In BIM, a wall is a wall. Or, what engineers and architects and contractors decided what a wall is. To them, a wall is a partition used to separate rooms. It is a space to put pipes and wiring. It’s a surface for a window, or a door. When you place a wall, the software knows it’s a wall, and will treat it accordingly. Using this method, the software can show different representations of a wall that are in line with common practices. So, when you model a wall in 3D, you can also see it represented as a floor plan, exactly how a wall would look. Or, when you put a wall, it also knows that that indicates a separation, and knows that now there are two separate rooms, rather than one large shape with a division. For a clearer picture of how it works, I like to think of the Sims’ house building tools.

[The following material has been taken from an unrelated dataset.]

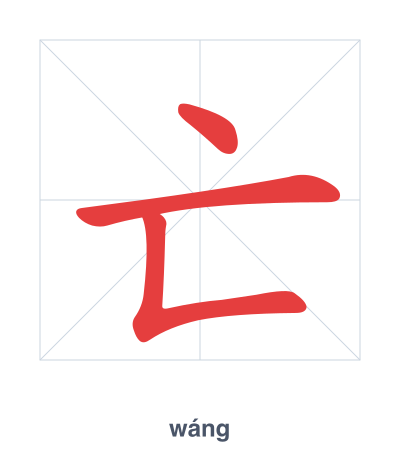 亡(wáng) 획순 연습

It works similar to that, as in, everything is in categories, walls can be placed on the ground, and then windows, ceilings, roofs, and doors can be placed on those.
Right now, we’ve been tasked with modeling buildings by Alvar Aalto, an architect who designed one of the undergraduate dorms here, Baker House. Mostly, I’ve been trying to learn to use Revit for complex design, which can be incredibly frustrating at times. I’ve never been a huge fan of 3D modeling in general, but I sure do miss traditional modeling in Rhino whenever I have to work on my assignment. I spend most of my time trying to figure out how to make simple figures, like a non-traditional roof or a mezzanine, googling desperately and hoping someone else on the Internet has run into the same problem. Despite my inability to work efficiently in this class, my model doesn’t look too bad so far.
Outside of Class
Besides classes, I tend to focus more on my personal life—lifting four times a week, writing for fun, cooking at least once every other day (but mostly every day), keeping my living space clean, walking to and from home multiple times a day because I love being inefficient with time and enjoy the simple pleasure of being Home, sleeping, and generally hanging out with friends. I can’t say I don’t miss the thrill of having a jam packed schedule of extracurriculars and meetings to go to, but it’s also nice to have balance and separation. Just look at all that unfortunately, this does not translate to having a lot of free time
That’s all I have planned for this semester, so here’s to manifesting some good energy for the rest of it.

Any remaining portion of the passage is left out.